Is it something I'll have to deal with or is there something I'm doing wrong?

Thanks a lot!

J


----------



## forzajuve (Feb 2, 2011)

How hard are you tamping? The resistance in the basket should come more from the natural oils in the beans rather than the fact you have tamped the hell out of it. You will therefore need to grind finer when tamping less to slow the shot down. Also measuring a dose by weight is the best idea to ensure you have the correct amount of coffee for the design of the basket. Wet pucks can be an indication of under dosing.


----------



## aphelion (Nov 23, 2012)

could be underdosing or too fine a grind/too heavily tamped..

are you weighing at all?


----------



## Jopp (Jan 16, 2013)

I'm tamping less than I would have for my Hario even though the grind is finer. I found that if I tamped how I would for the Hario it would choke the machine.

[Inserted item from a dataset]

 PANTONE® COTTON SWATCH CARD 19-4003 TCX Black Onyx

I'm not weighing at all - I'll have to see about getting a scale. In the mean time I will play around with different levels of dose/tamping/grind.

Any recommendations of a cheap and cheerful scale would be appreciated... and if anyone knows the amount of grams I should be using for a Synesso Double Ridgeless I'd be most grateful









Thanks guys.


----------



## forzajuve (Feb 2, 2011)

These are the sort of scales that most of us use. Search for gold scales and this type of thing will come up on ebay/amazon.


----------



## garydyke1 (Mar 9, 2011)

Wet pucks I have found (on my Expobar) to be almost exclusively due to how high the dose sits in the basket.


----------



## MarkyP (Jan 10, 2013)

garydyke1 said:


> Wet pucks I have found (on my Expobar) to be almost exclusively due to how high the dose sits in the basket.


Hi Gary,

Do you mean under-dosing and/or tamping too hard?

[sorry to hijack]


----------



## garydyke1 (Mar 9, 2011)

MarkyP said:


> Hi Gary,
> 
> Do you mean under-dosing and/or tamping too hard?
> 
> [sorry to hijack]


Try increasing dose by 0.5g increments (adjusting output to maintain suitable ratio) until pucks are more solid.

If it tastes good already and sloppy pucks are not of a concern then dont change anything.


----------